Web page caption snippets
....

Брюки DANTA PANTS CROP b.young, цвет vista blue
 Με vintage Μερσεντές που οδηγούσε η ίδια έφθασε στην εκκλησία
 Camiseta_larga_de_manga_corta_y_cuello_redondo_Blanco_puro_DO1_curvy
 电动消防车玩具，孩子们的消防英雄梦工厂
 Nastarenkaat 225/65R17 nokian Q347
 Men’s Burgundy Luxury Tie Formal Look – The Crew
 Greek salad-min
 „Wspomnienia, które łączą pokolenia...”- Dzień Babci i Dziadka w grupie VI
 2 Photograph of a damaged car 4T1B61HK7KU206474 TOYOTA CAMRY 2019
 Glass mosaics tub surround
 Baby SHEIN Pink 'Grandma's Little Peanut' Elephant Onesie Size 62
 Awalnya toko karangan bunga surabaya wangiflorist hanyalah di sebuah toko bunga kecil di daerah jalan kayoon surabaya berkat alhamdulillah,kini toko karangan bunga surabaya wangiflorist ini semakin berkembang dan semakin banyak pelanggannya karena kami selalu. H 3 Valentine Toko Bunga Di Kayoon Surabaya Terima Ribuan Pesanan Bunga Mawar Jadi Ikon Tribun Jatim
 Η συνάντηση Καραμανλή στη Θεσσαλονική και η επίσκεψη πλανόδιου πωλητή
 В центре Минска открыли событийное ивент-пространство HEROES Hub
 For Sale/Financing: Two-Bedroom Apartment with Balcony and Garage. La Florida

....

§ **Aim of the exercise**: All of the records must be retyped exactly as they are.

§ **Reply**:
Брюки DANTA PANTS CROP b.young, цвет vista blue
 Με vintage Μερσεντές που οδηγούσε η ίδια έφθασε στην εκκλησία
 Camiseta_larga_de_manga_corta_y_cuello_redondo_Blanco_puro_DO1_curvy
 电动消防车玩具，孩子们的消防英雄梦工厂
 Nastarenkaat 225/65R17 nokian Q347
 Men’s Burgundy Luxury Tie Formal Look – The Crew
 Greek salad-min
 „Wspomnienia, które łączą pokolenia...”- Dzień Babci i Dziadka w grupie VI
 2 Photograph of a damaged car 4T1B61HK7KU206474 TOYOTA CAMRY 2019
 Glass mosaics tub surround
 Baby SHEIN Pink 'Grandma's Little Peanut' Elephant Onesie Size 62
 Awalnya toko karangan bunga surabaya wangiflorist hanyalah di sebuah toko bunga kecil di daerah jalan kayoon surabaya berkat alhamdulillah,kini toko karangan bunga surabaya wangiflorist ini semakin berkembang dan semakin banyak pelanggannya karena kami selalu. H 3 Valentine Toko Bunga Di Kayoon Surabaya Terima Ribuan Pesanan Bunga Mawar Jadi Ikon Tribun Jatim
 Η συνάντηση Καραμανλή στη Θεσσαλονική και η επίσκεψη πλανόδιου πωλητή
 В центре Минска открыли событийное ивент-пространство HEROES Hub
 For Sale/Financing: Two-Bedroom Apartment with Balcony and Garage. La Florida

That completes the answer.